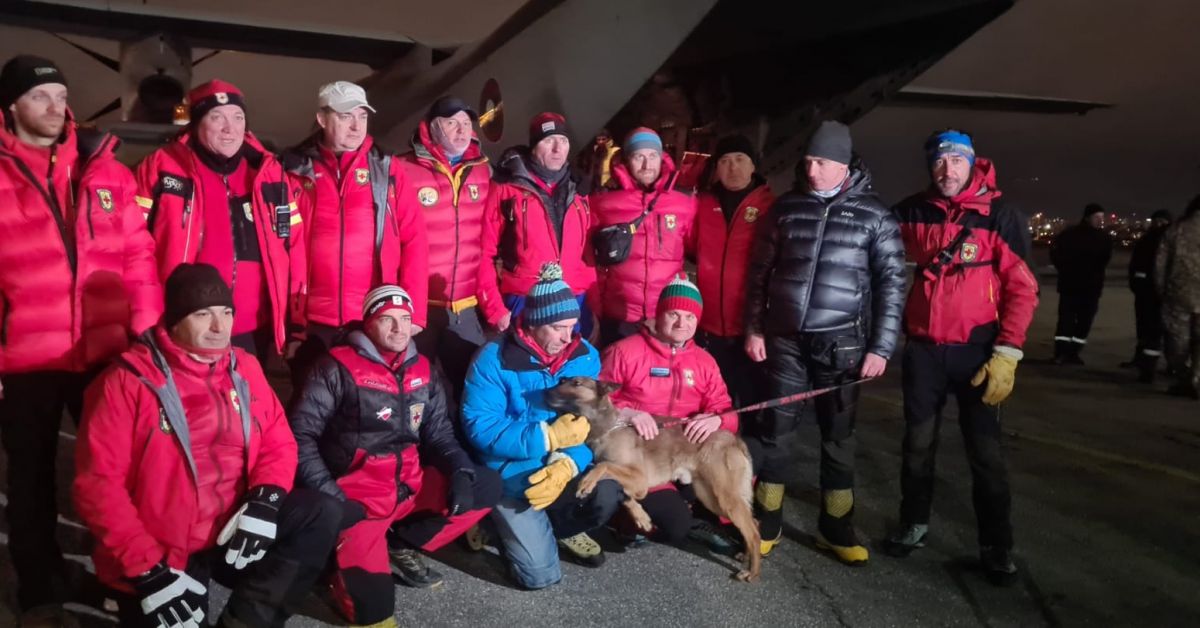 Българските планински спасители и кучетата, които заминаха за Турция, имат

■ ■ ■ ■ ■ ■ ■

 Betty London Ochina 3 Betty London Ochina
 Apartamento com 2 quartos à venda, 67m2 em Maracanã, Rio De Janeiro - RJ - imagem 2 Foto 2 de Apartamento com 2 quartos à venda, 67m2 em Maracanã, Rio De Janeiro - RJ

■ ■ ■ ■ ■ ■ ■

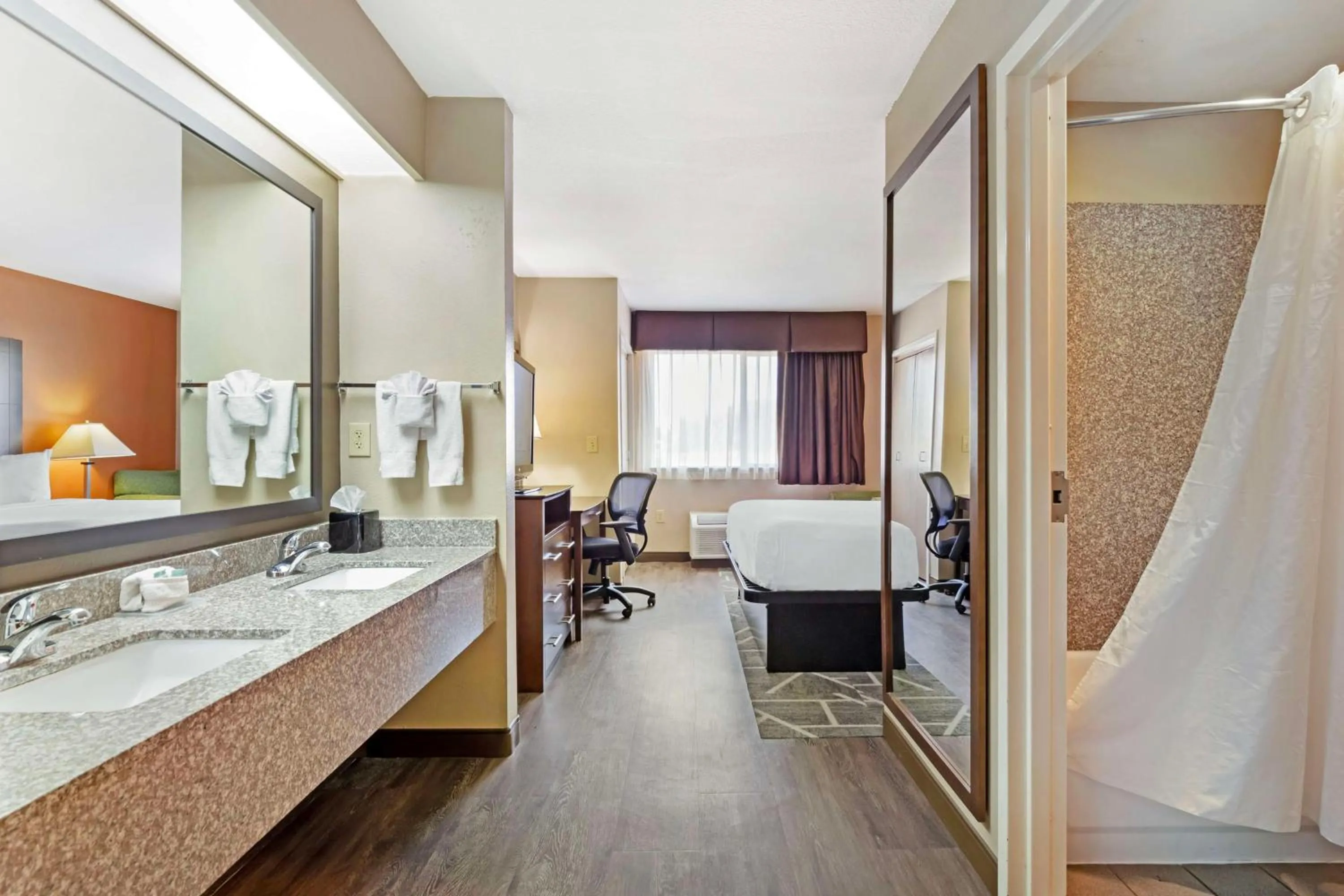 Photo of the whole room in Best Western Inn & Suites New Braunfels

■ ■ ■ ■ ■ ■ ■

The reply should consist solely of the lines above from the one that has "Betty London Ochina 3 Betty London Ochina" through the one that has "RJ - imagem", reproduced exactly.

## SOLUTION TO THIS TASK
 Betty London Ochina 3 Betty London Ochina
 Apartamento com 2 quartos à venda, 67m2 em Maracanã, Rio De Janeiro - RJ - imagem 2 Foto 2 de Apartamento com 2 quartos à venda, 67m2 em Maracanã, Rio De Janeiro - RJ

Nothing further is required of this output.